En fait, sont-ils en quête de changement ? Ou n'est-ce qu'un moment de répit où ils peuvent dans un moment de grâce, vivre un moment de rêve ? Malheureusement, ils sont rattrapés par leur vie et par des choix qui les poursuivent. Comme Hala (Hana Chiha) la belle divorcée, que tout ce petit monde convoite, mais qui recherche, elle, une relation qui la frustre avec un comédien de second rang (Hani Metnawi) qui se débat pour émerger et qui l'exploite.

Dans ce monde serein à la surface, nous vivons les peines des personnages sans effusion de sang et sans violence. On pourrait même dire sans drames. Tous savent que l'été va bientôt arriver et que tout va se ranger dans l'ordre. C'est la grande force de Khan qui a su garder un équilibre entre intensité des émotions, profondeur des sentiments, et légèreté de vivre. Sans excès ni drames, il nous a donné à voir un film qui nous éloigne des quartiers informels et des clivages sanglants de la société. Comme un moratoire pour le spectateur également qui s'insère dans les espaces clos des chalets où se passent les problèmes, sans trop s'éloigner de l'étendue de la mer et de l'infini d'un ciel sans nuages.
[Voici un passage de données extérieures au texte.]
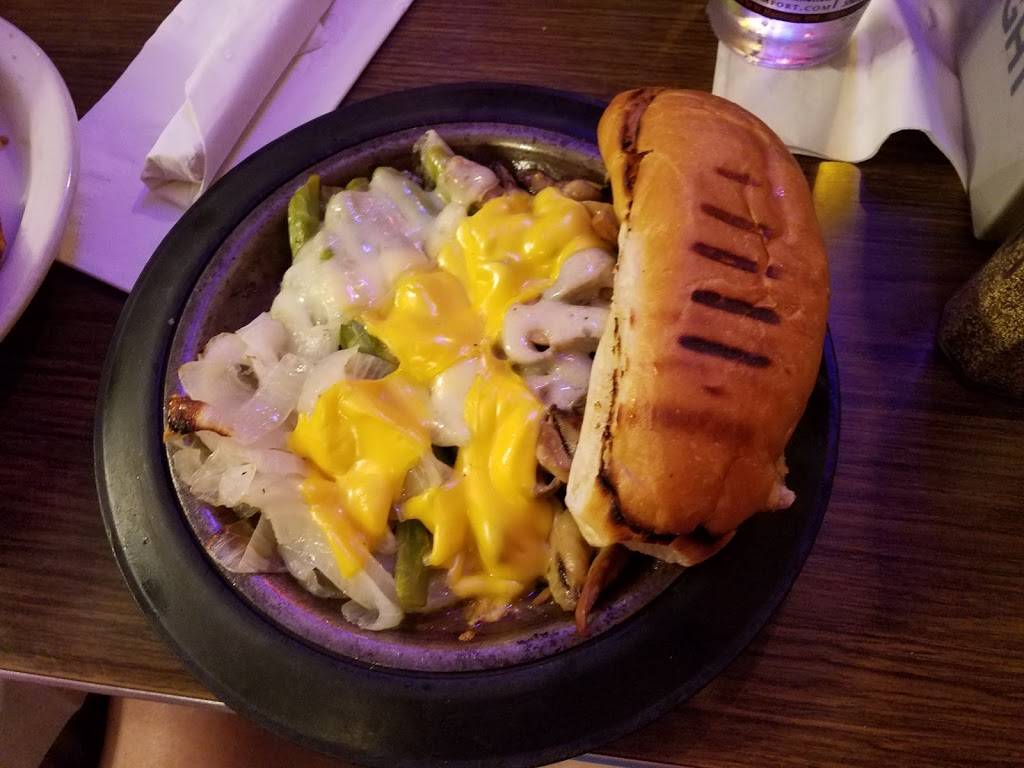 Bierstube | restaurant | 109 11th St W, Hastings, MN 55033, USA | 6514378259 OR +1 651-437-8259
Dans cette réalisation toute en finesse, Mohamed Khan nous apprend qu'il sait traiter de sujets différents avec la maîtrise d'un virtuose, et qu'il peut aussi bien analyser les classes démunies de La fille de l'usine (Factory Girl / Fatat Al masnaa) ou les tripes de la société répressive avec La femme d'un homme important (Zawget ragel Mohem) que la grande bourgeoisie fripée. Avec un scénario d'une grande sensibilité signé par Ghada Chahbandar, d'après une idée originale de Khan, le cinéaste nous étonne par la maîtrise de sa narration. Les autres éléments comme la musique et la lumière ajoutent au plaisir de regarder ce film.
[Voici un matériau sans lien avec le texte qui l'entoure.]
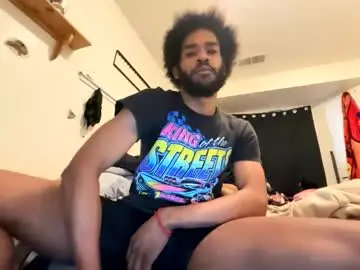 Chaturbate Best Webcam of nate791758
On ne peut clore sans saluer tous les comédiens qui, sous la direction de Khan, nous ont permis de vivre des moments de plénitude. Ils nous ont tous, d'une manière ou d'une autre, surpris. Nous voudrions toutefois nous appesantir spécialement sur Lana Mochtak et Ahmed Daoud qui s'ouvrent une grande carrière cinématographique par leur talent. Hala Chiha dans ses maillots et ses tenues de plage sans oublier son jeu, nous a rappelé les temps heureux où la mer était un plaisir et non une compilation de vêtements qui nous empêchent de voler à travers les cieux bleus.
Enfin, cette fiction de Khan est un film qu'il est bon de visionner avant de revenir à la cohue et l'encombrement de notre quotidien.